Work instructions: Everything in the listing below except the pictures should be reproduced exactly.

Collected data:

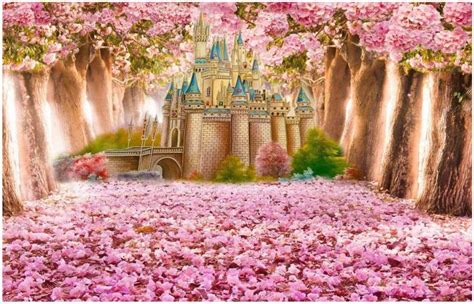 Pink Flowers Castle Background Blossoming Cherry Blue Gem Princess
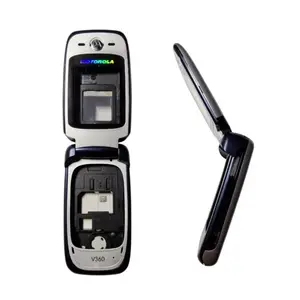 Mobile phone full body housing MOTOROLA V360 replacement outer case silver blue
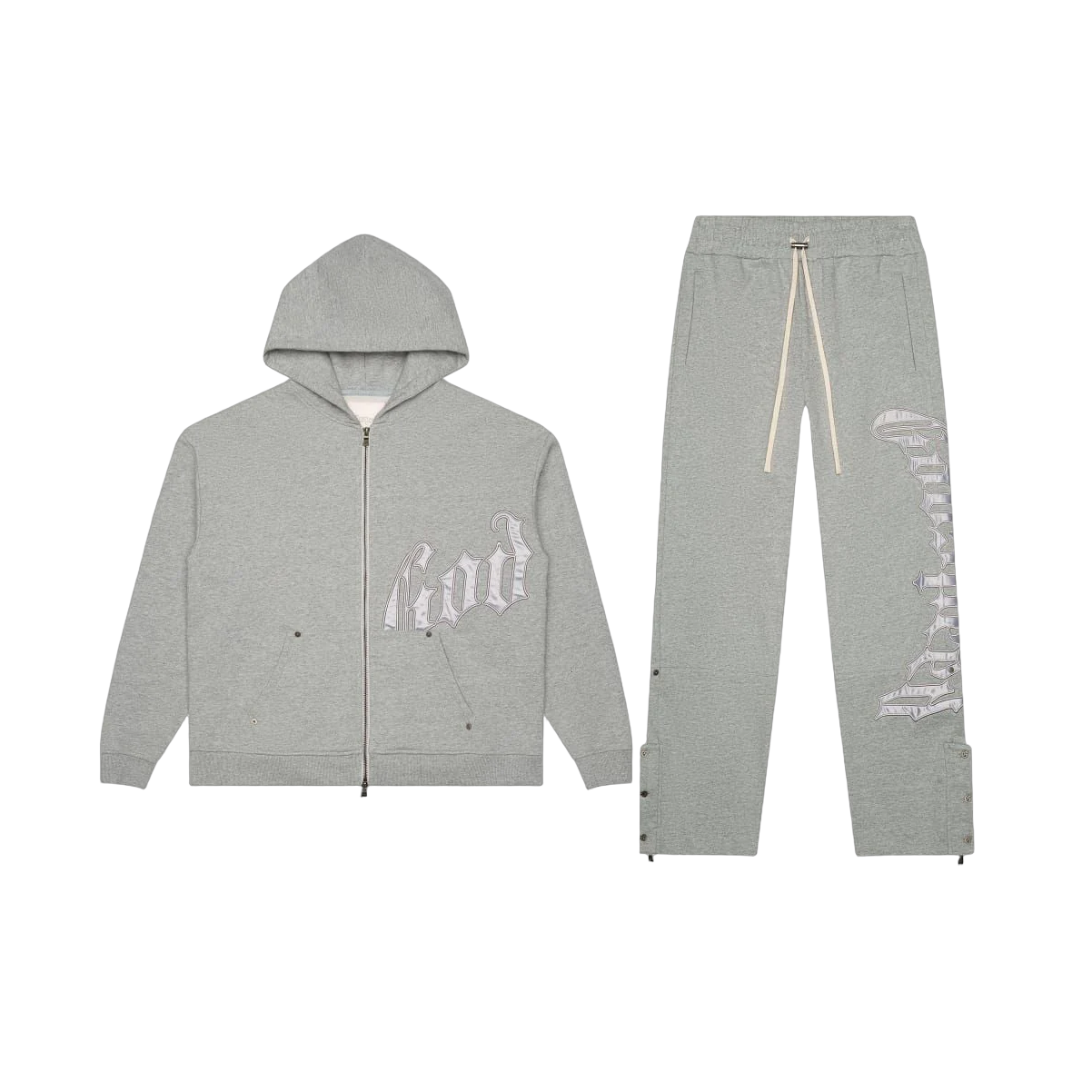 *Sold As Set* GodSpeed OG Logo Sweatsuit V2 (Grey/Silver Satin)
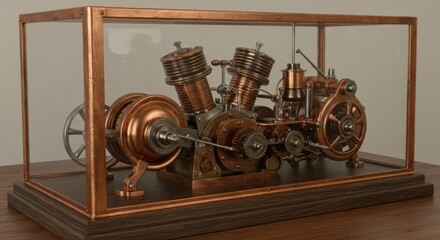 Antique engine model symbolizing industrial heritage and mechanical precision with copper and glass display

Response to this task:
 Pink Flowers Castle Background Blossoming Cherry Blue Gem Princess
 Mobile phone full body housing MOTOROLA V360 replacement outer case silver blue
 *Sold As Set* GodSpeed OG Logo Sweatsuit V2 (Grey/Silver Satin)
 Antique engine model symbolizing industrial heritage and mechanical precision with copper and glass display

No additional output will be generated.